Hmmm, for some reason I like Someday Soon Acres, but depending on what you plan to do (just goats or business wise), Someday Soon Farms might be more appropriate.


StaceyRoop said:


> correct just like I do with my herd name
> 
> end of the line and I advertise as End of the Line Farm





nutmegfarm said:


> Ditto, my herdname is Nutmeg, so my goats are Nutmeg's Sweet Pea for example, but my farm sign says Nutmeg Farm. :thumb:


I definitely agree with them, go with Someday Soon for your herdname, so you have more goat name length options.



farmgirl1 said:


> When I come up with alot of names I will put up a poll.
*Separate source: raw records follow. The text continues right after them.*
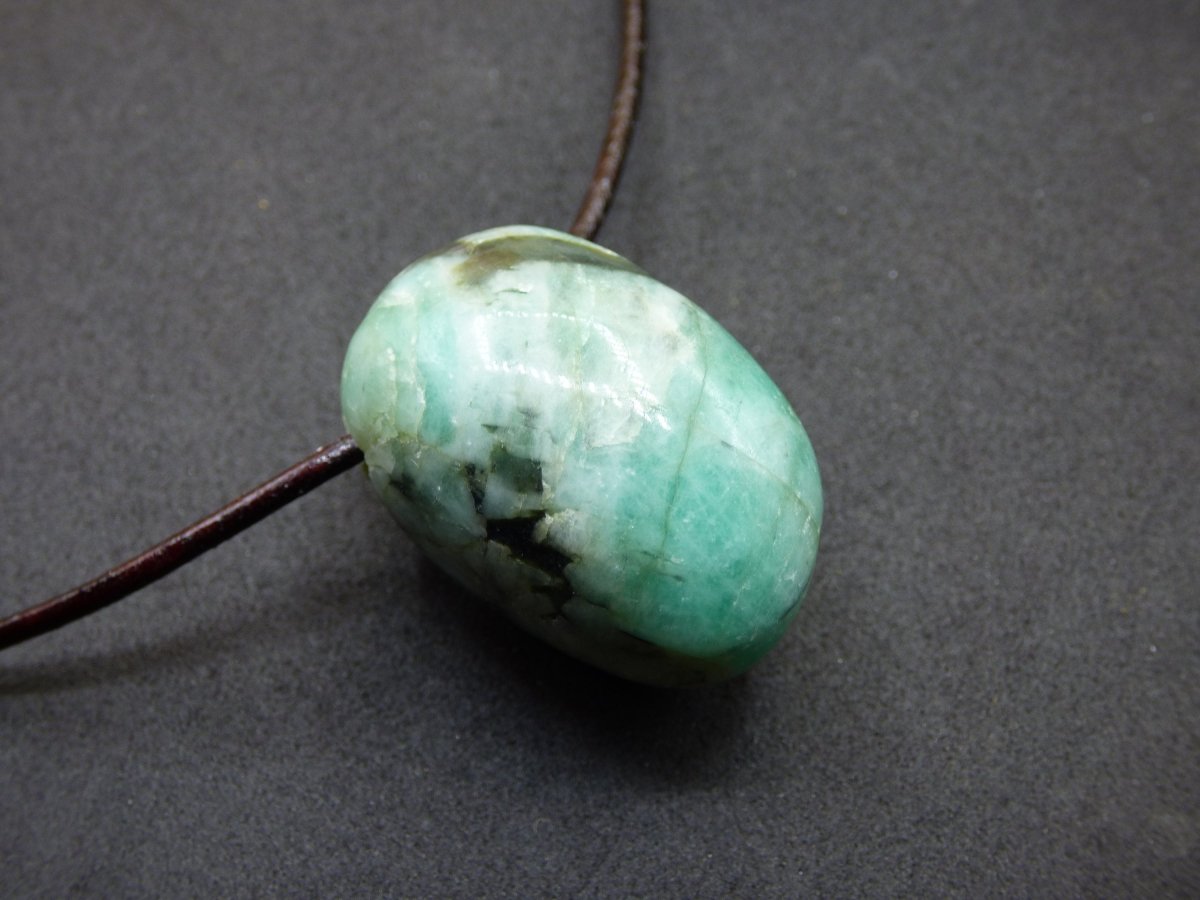 Smaragd / Emerald ~ Edelstein Kette HIPPIE GOA Boho Ethno Nature Heilstein grün natürlich Stein Anhänger Hochwertig Qualität Männer Sohn - Art of Nature Berlin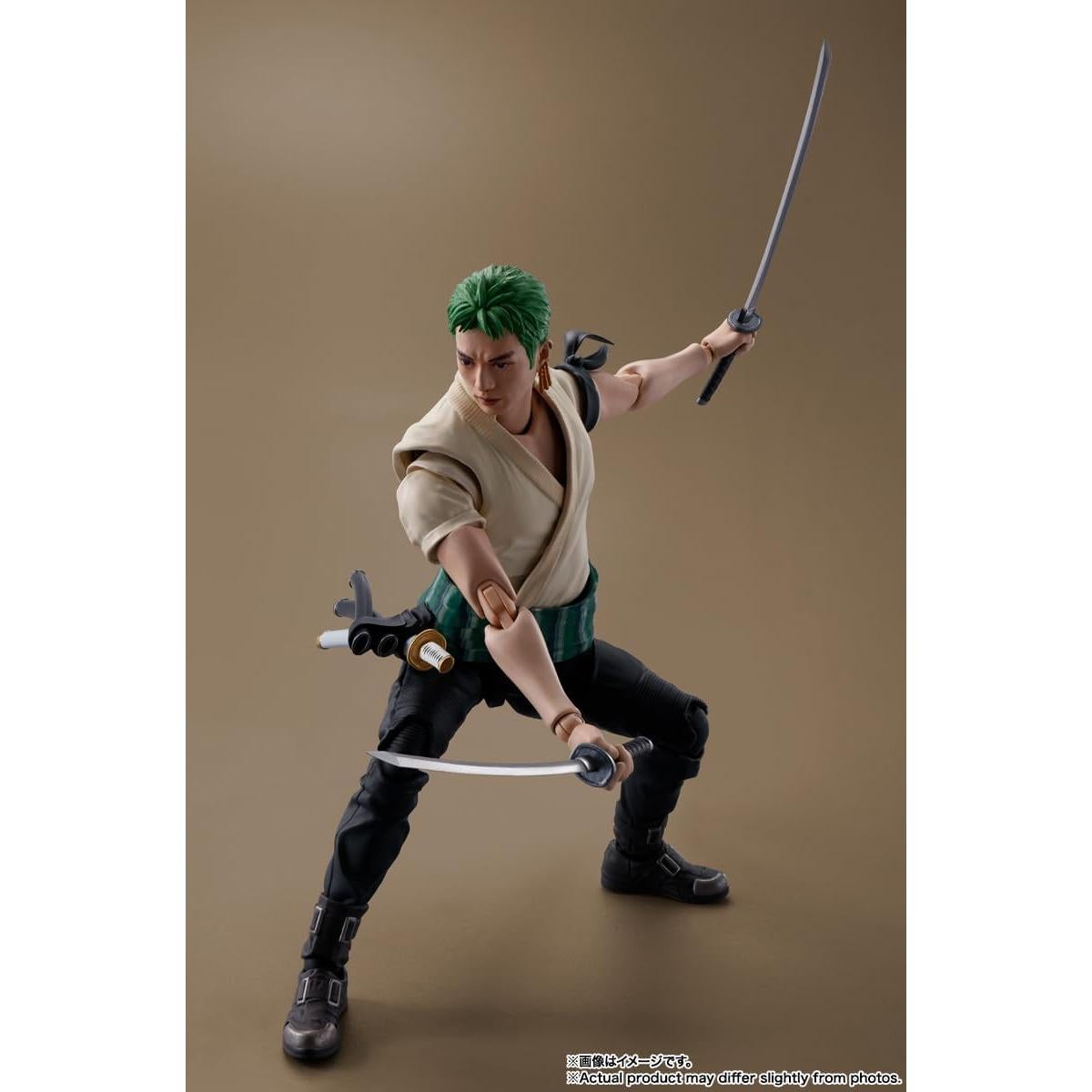 Figura de acción Roronoa Zoro S.H.Figuarts Bandai 14.5 cm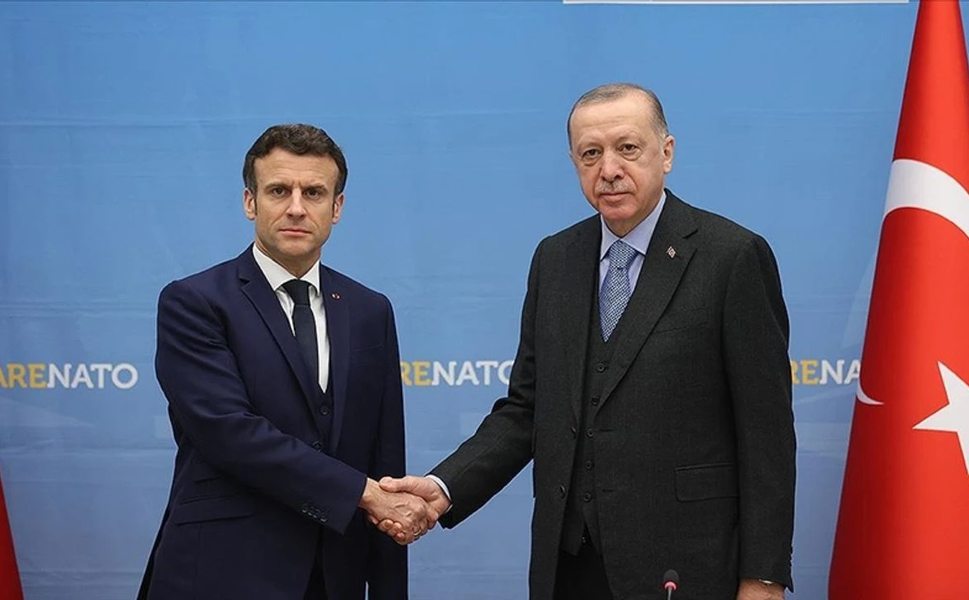 Cumhurbaşkanı Erdoğan Macron ile görüştü
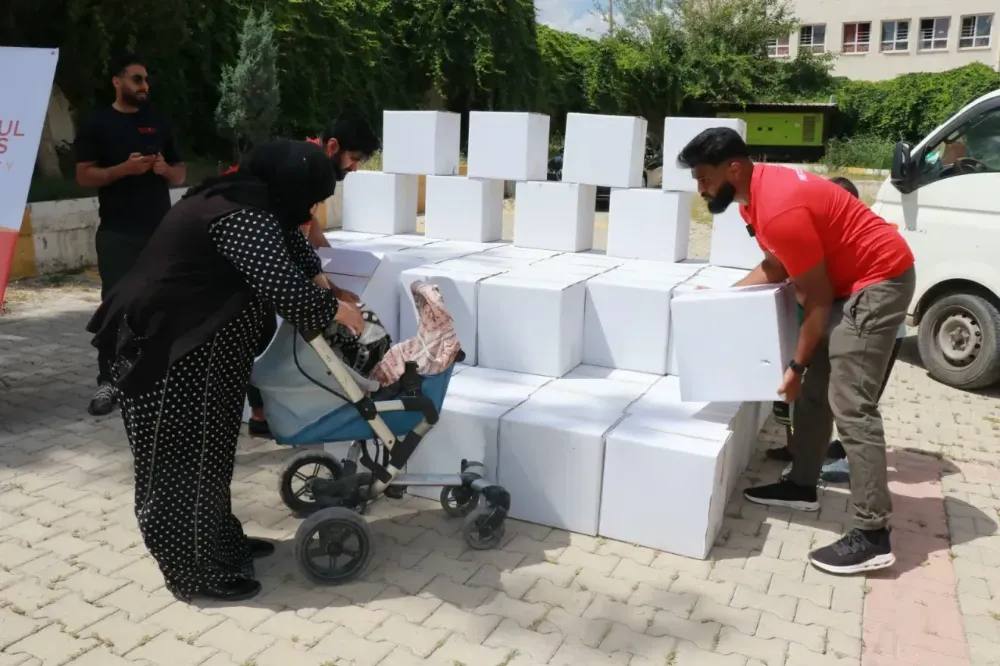 Akçakale’de 120 yetim ve dul aileye gıda yardımı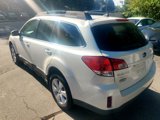 Used 2011 Subaru Outback 2.5i Limited image 4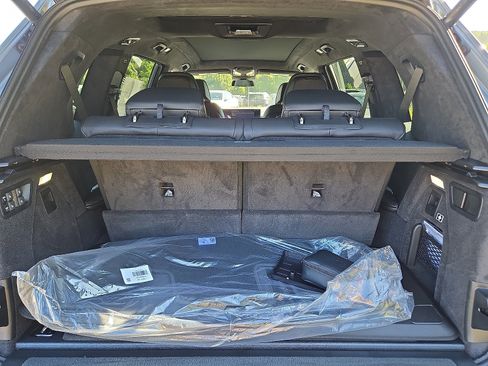 Used 2026 BMW X7 xDrive40i w/ Premium Package image 12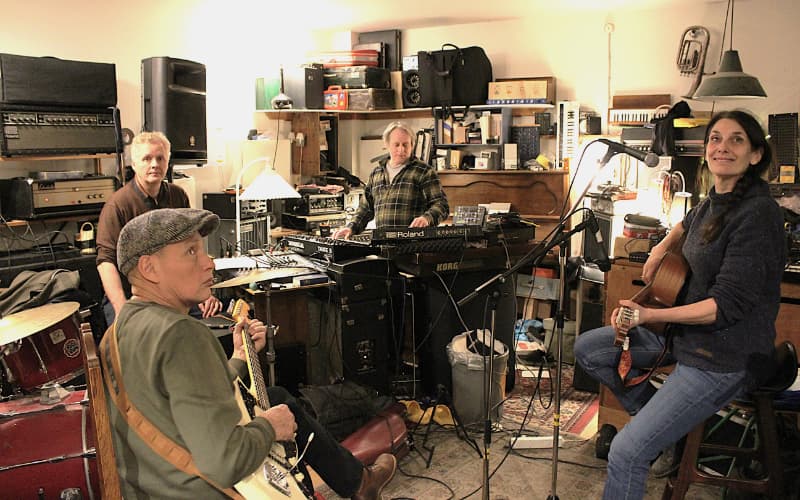 Band session - Kosmisk Lindeblomst spiller live.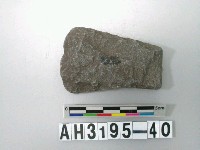 藏品(小型舌刃打製石斧)的圖片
 Go for it, I would love to see all the names you come up with.


----------



## jdgray716 (Aug 8, 2008)

I like acres too myself. The rest of the info is very good.


----------



## farmgirl1 (Mar 14, 2010)

What is the difference between acres and farms? like what do they mean. (sorry for the lack of capitals my nails are a bit wet)


----------



## jdgray716 (Aug 8, 2008)

Really I don't thing there is a big difference. A farm is a farm and an acre is and acer. I used Ranch on our herd name. Really it is just that. When a person is looking you up at a registry no matter what you use they know what you have and other folks will know by a discription to an add or your site summury so it really doesn't matter in the end.


----------



## farmgirl1 (Mar 14, 2010)

Ok thank you. I am having a really hard time coming up with names. lol. All I have is Someday Soon Acres and Evergreen Acres. Not anyhting great but if I had to choose one they are both ok to me so I need some help choosing so far but someday soon means more to me because for like two years I have been wanting a farm and I have always said I would get it someday soon and evergreen acres has pretty much no meaning to me except for the fact that I have like this little evergreen that I started growing a while ago so I am leaning towards Someday Soon


----------



## jdgray716 (Aug 8, 2008)

Well, maybe we can help? Make a list of things that say you. Look at your property, what stands out? Do you have something special on your property? Maybe a bending tree or a Natural Damn. I know these are examples. But I am hoping it will help. Last names, we have Gray and Robinson and went from there. Maybe you have something that you really like in nature like waterfalls, clovers, red rocks...just think up things that you like and list them and we can go from there.


----------



## farmgirl1 (Mar 14, 2010)

By the way how many digits or spaces are allowed in AGS?


----------



## jdgray716 (Aug 8, 2008)

Now that one I do not know. I am not with the AGS. Sorry on that one.


----------



## greatcashmeres (Jul 13, 2008)

http://www.americangoatsociety.com/faqs.php

In the area titled *Registrations *it states:

"The name of the animal, including herd name, must not exceed thirty letters and spaces."


----------



## farmgirl1 (Mar 14, 2010)

K thanks!


----------



## farmgirl1 (Mar 14, 2010)

I have it picked out now..... My herd name is Someday Soon and I will be advertising with Someday Soon Acres. Do you like it? (I didn't send the form in yet but i am 99% sure I will go with this unless I get a really good idea)


----------



## greatcashmeres (Jul 13, 2008)

Bree, I really like Someday Soon Acres. :thumb: 


farmgirl1 said:


> someday soon means more to me because for like two years I have been wanting a farm and I have always said I would get it someday soon


Since, as you posted earlier it has meaning to you, I think that makes it special. It will always have a story behind it to tell people. :thumbup:

BTW (please excuse the off topic) are you able to post pics in the photogenic section of Waffles and her babies? I noticed in your signature she had them.


----------



## farmgirl1 (Mar 14, 2010)

I will try to find the best pictures but they may not be too good.


----------



## farmgirl1 (Mar 14, 2010)

I put it on but couldnt find a picture of the third one... I will have one soon.


----------



## jdgray716 (Aug 8, 2008)

Oh, I love it! Great job and I hope it serves you well.


----------